## What to produce:
Leave the pictures in the listing below aside and reproduce exactly the lines starting with the one with "Portrait of a" and going on through the one with "Close up of", both ends included.

## Task data:
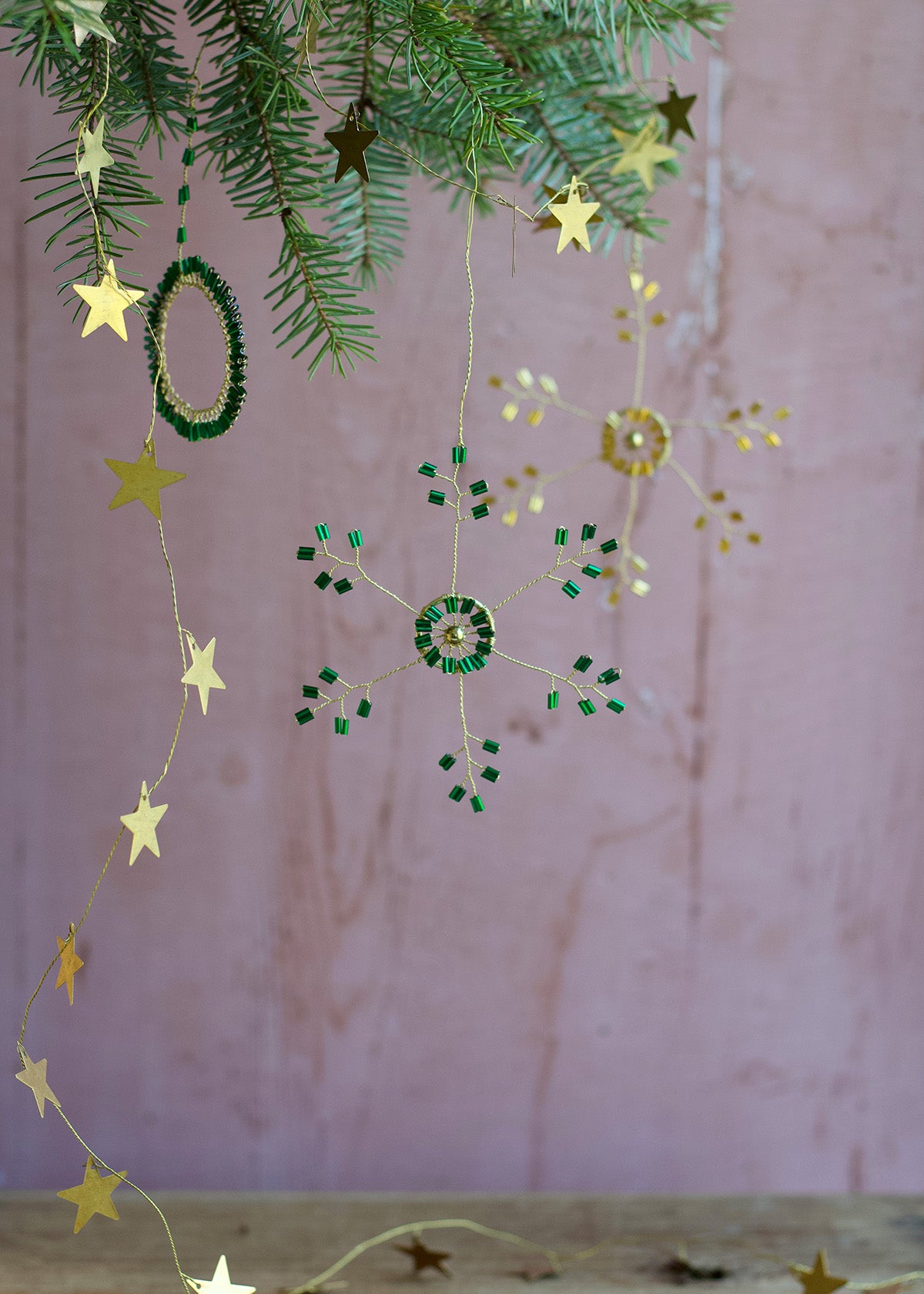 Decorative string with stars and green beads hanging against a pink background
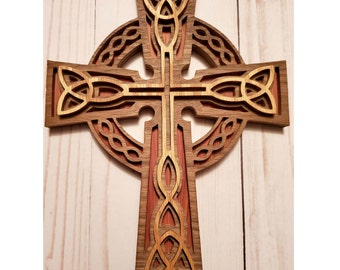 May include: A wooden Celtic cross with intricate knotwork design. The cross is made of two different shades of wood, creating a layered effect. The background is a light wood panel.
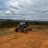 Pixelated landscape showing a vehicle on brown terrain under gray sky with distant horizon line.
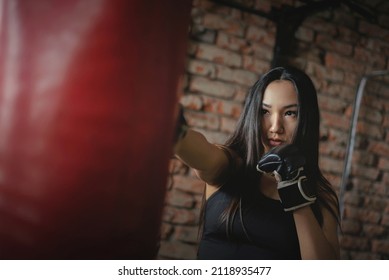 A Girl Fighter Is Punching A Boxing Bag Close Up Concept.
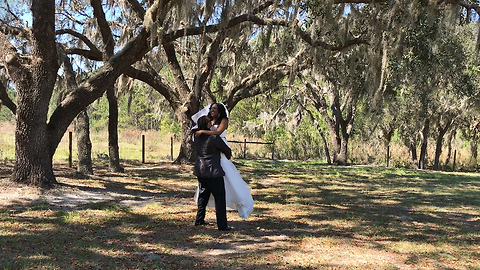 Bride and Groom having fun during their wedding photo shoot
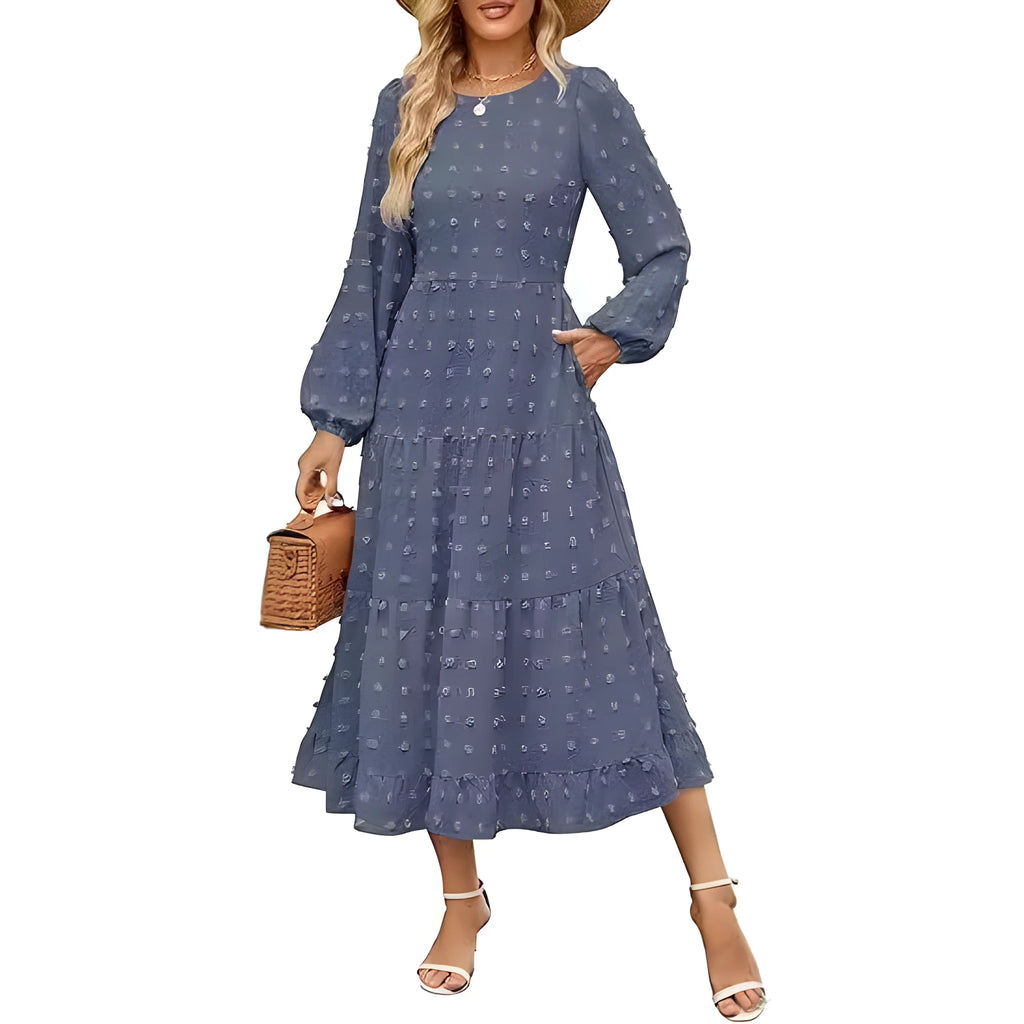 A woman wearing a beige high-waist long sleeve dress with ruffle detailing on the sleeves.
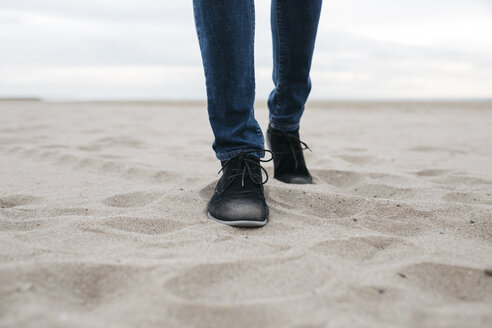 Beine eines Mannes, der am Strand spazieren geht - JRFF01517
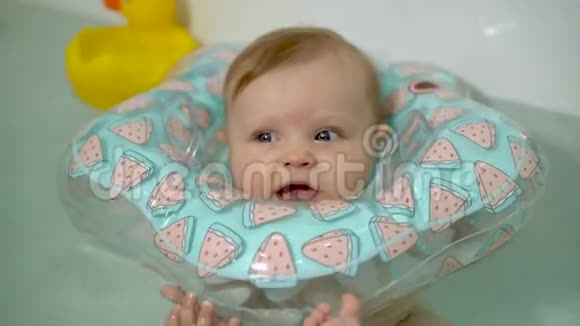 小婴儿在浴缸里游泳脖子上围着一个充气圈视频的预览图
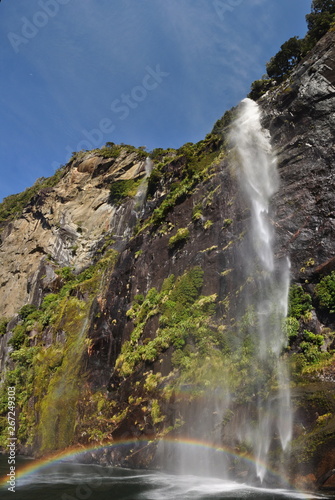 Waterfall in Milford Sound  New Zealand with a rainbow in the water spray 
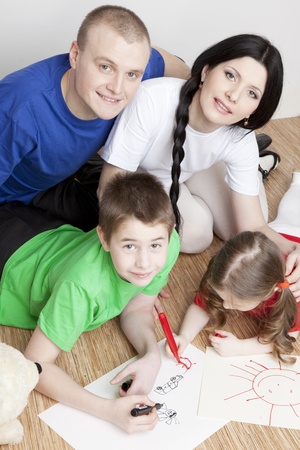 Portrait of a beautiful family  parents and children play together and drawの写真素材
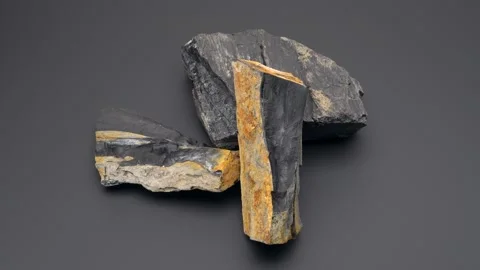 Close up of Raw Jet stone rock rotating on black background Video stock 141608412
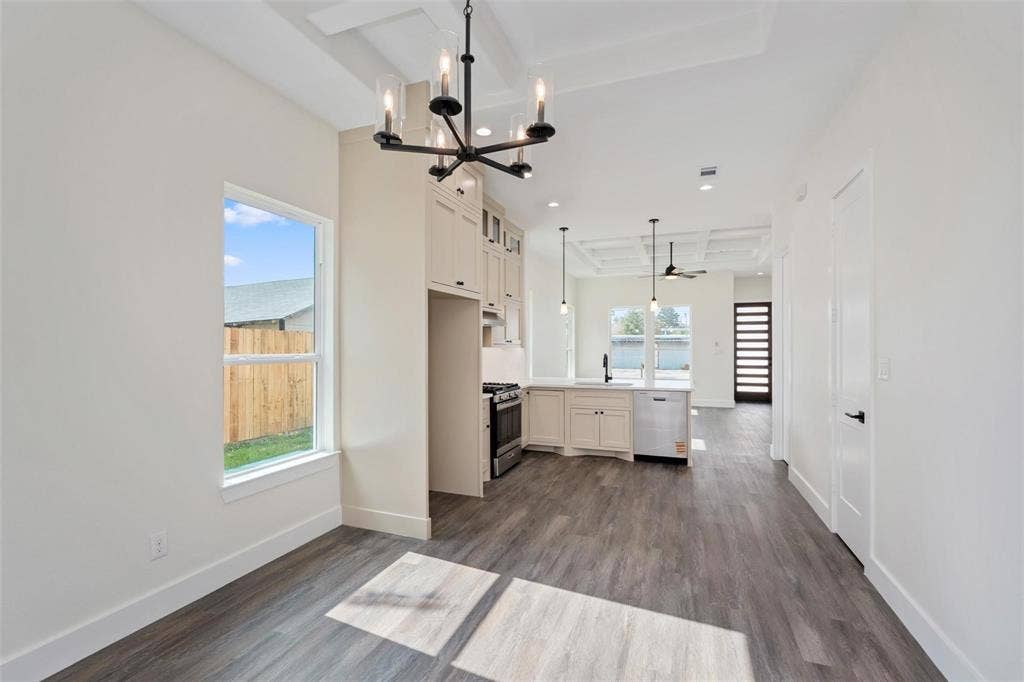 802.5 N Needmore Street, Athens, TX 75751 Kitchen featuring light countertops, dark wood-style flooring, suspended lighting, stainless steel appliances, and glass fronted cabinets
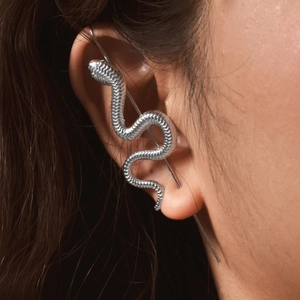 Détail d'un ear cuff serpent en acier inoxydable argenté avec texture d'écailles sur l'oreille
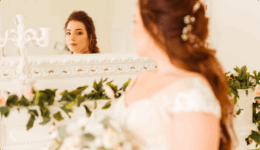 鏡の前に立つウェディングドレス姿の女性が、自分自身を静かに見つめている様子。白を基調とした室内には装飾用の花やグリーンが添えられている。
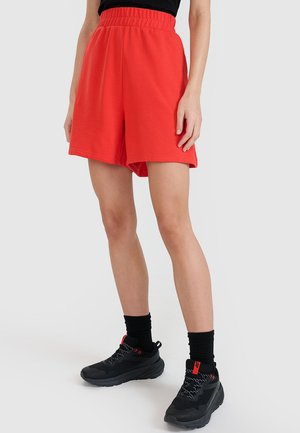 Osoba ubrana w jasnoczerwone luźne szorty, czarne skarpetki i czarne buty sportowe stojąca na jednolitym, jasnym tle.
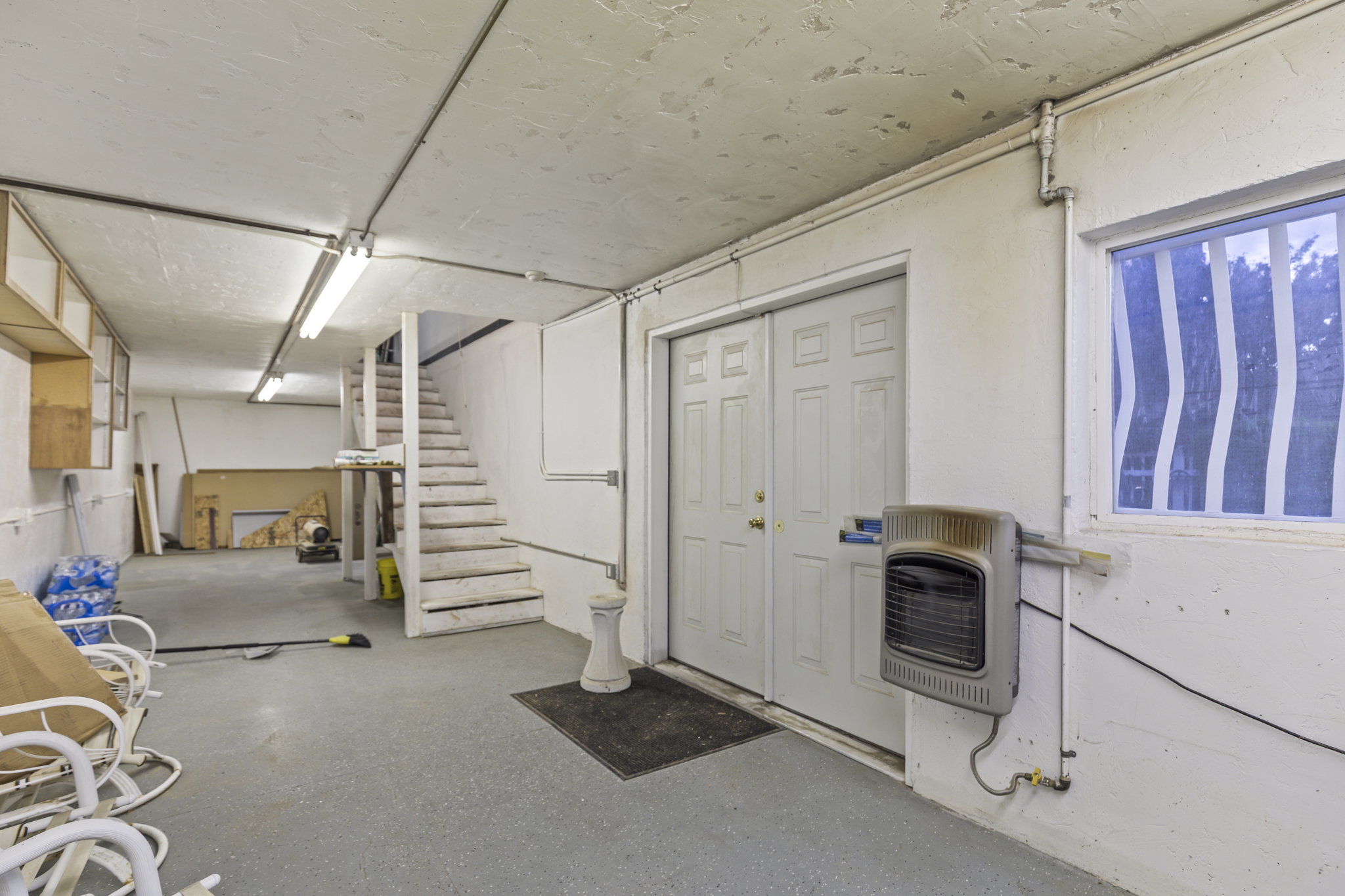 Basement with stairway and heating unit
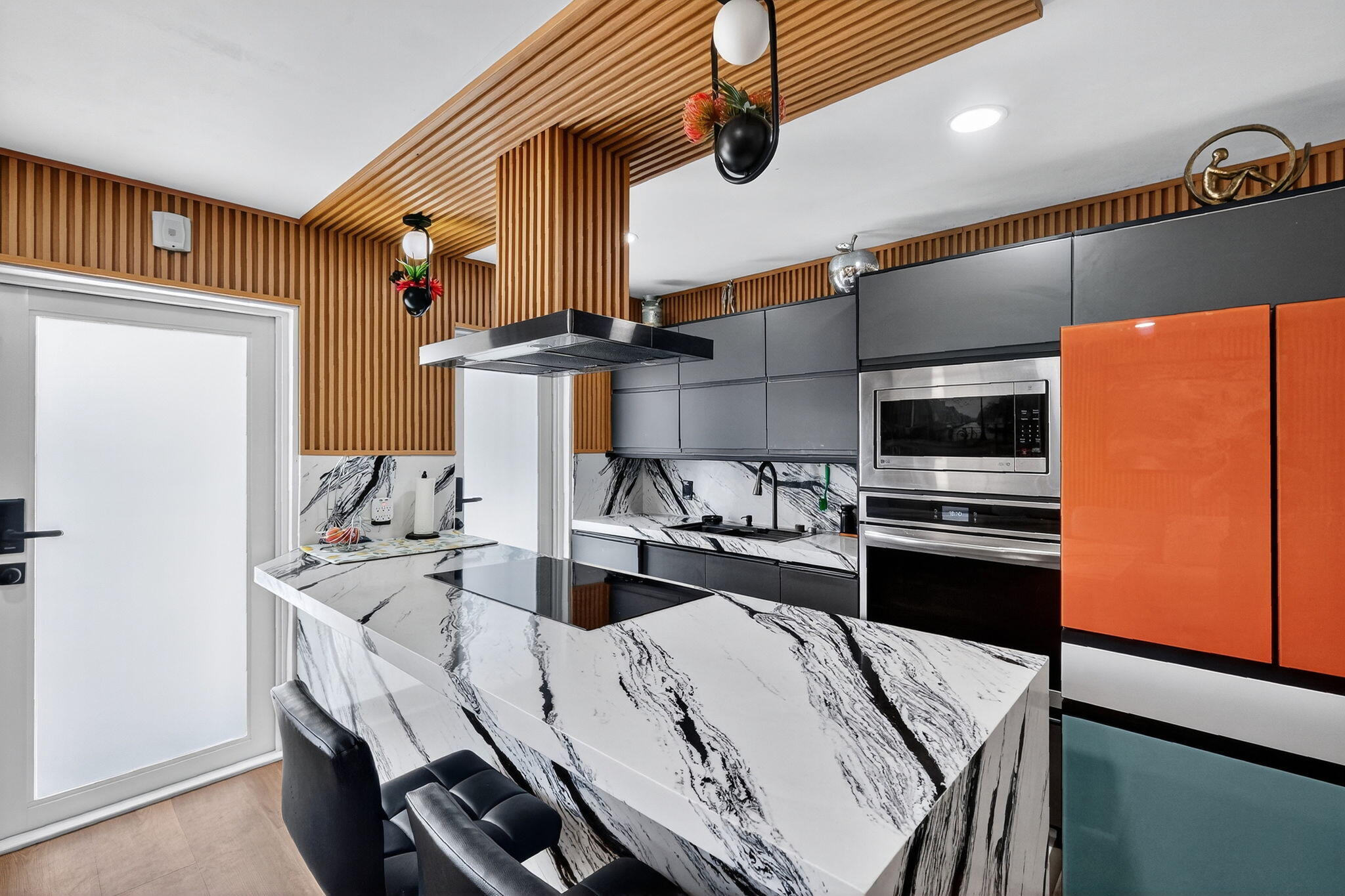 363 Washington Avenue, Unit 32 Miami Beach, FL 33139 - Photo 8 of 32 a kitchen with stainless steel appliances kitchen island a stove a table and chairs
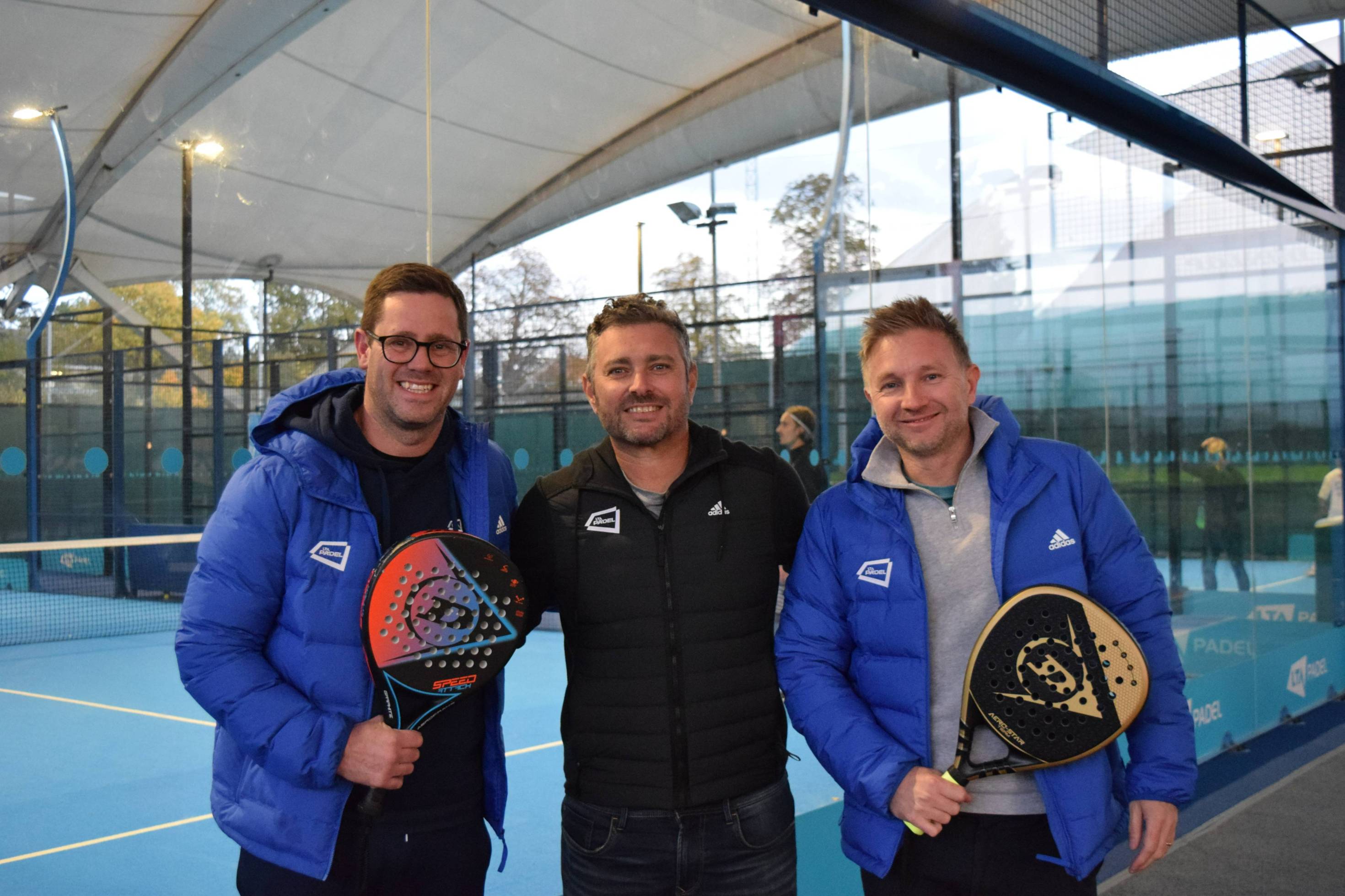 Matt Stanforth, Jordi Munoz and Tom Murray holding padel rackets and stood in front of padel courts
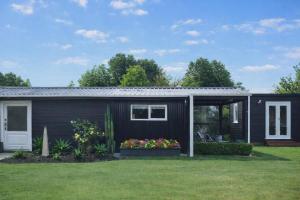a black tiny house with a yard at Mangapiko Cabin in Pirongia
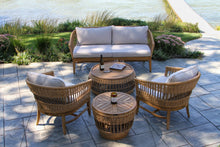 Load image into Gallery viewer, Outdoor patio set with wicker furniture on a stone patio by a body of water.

## Response area:
 Portrait of a beautiful family  parents and children play together and drawの写真素材
 Close up of Raw Jet stone rock rotating on black background Video stock 141608412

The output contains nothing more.